Back in 1999, grunge is dead of self-inflicted gunshots and metal is on the rise. But once again it's MTV's idea of what heavy metal should be. Limp Bizkit and Korn are riding high on their combination of turntables and Marshall stacks, and it couldn't be more boring. Everyone is sporting the Adidas-tracksuit-and-Gilligan-hat look, throwing around the "yo, homie" whilst "raising the roof" as if he's an extra in the latest Master P joint. (Note to self: Kill next person who "raises" any roof I am under.) Korn's best stab at originality is adding bagpipes to the occasional song, but didn't Nigel Tufnel do that a few years back with Spinal Tap? And Limp Bizkit. Take one ex-member of House of Pain, add some guitars and remove all brain cells, and voilà! "Nookie." Neither band (nor their host of imitators) seems to realize that their hybrid of metal and hip-hop was done way back in 1987, when Anthrax recorded "I'm the Man" as a joke. And neither band nor their patron saint, MTV, seems to be aware of the fact that earlier this summer S.O.D. issued a declaration of war on their commercial-metal syndicate.

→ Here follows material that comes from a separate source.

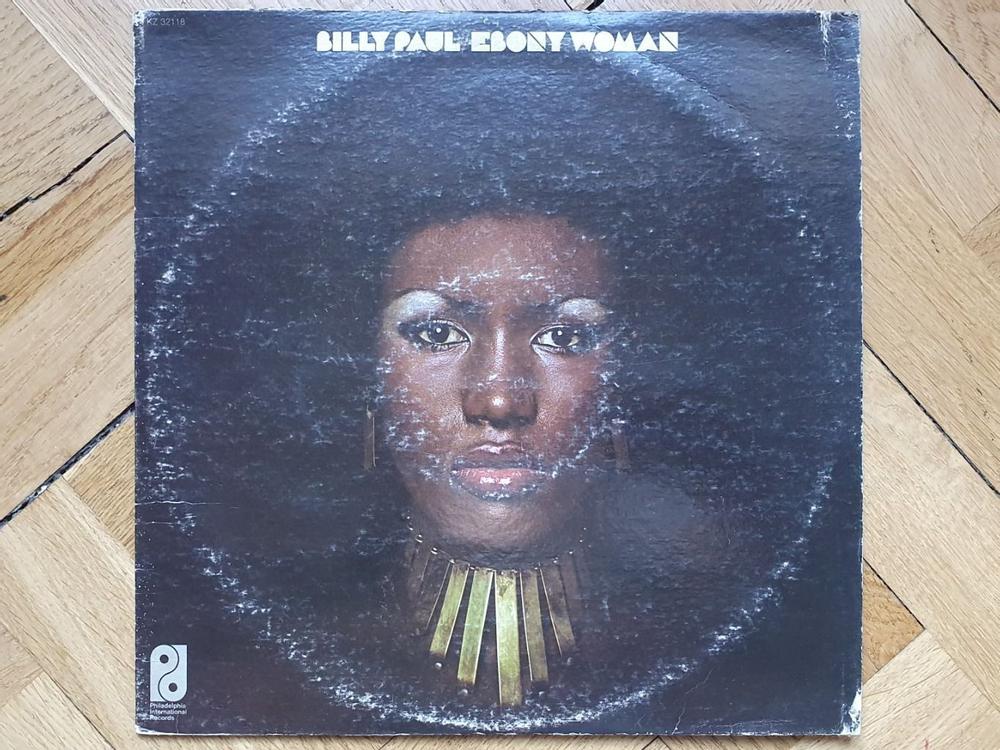 Billy Paul Ebony Woman Lp Vinyl Kaufen Auf Ricardo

Releasing their second effort in 14 years (Bigger Than the Devil), S.O.D. have come back like locusts to raze metal, or what passes for metal in the mainstream, to the ground. Maybe it's because Scott Ian and Charlie Benante feel somewhat responsible for what their hip-hop metal joke has become, and they need to squelch it before Mötley Crüe hooks up with Puff Daddy and mount their 47th comeback attempt. Maybe it's because Billy Milano is a force of nature that cannot be contained on the East Coast, and he must be unleashed periodically so that he doesn't destroy New York. Maybe it's because Brutal Truth broke up and Dan Lilker needs a band to kill basses for. Or maybe they're back because heavy metal needs a good swift kick in the ass and Stormtroopers of Death are the only band whose collective foot is big and heavy enough to do it. They killed metal in the '80s, and they never left the East Coast. Now they're on a world tour. Who or what will turn up dead when S.O.D are through this time?

S.O.D. play the Galaxy on Friday, Nov. 19, accompanied by Skinlab and Crowbar.